(PROVIDED DATA begins)

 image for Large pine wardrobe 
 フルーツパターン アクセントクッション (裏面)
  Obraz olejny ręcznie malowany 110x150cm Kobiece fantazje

(PROVIDED DATA ends)

Copy out the whole listing exactly.

 image for Large pine wardrobe 
 フルーツパターン アクセントクッション (裏面)
  Obraz olejny ręcznie malowany 110x150cm Kobiece fantazje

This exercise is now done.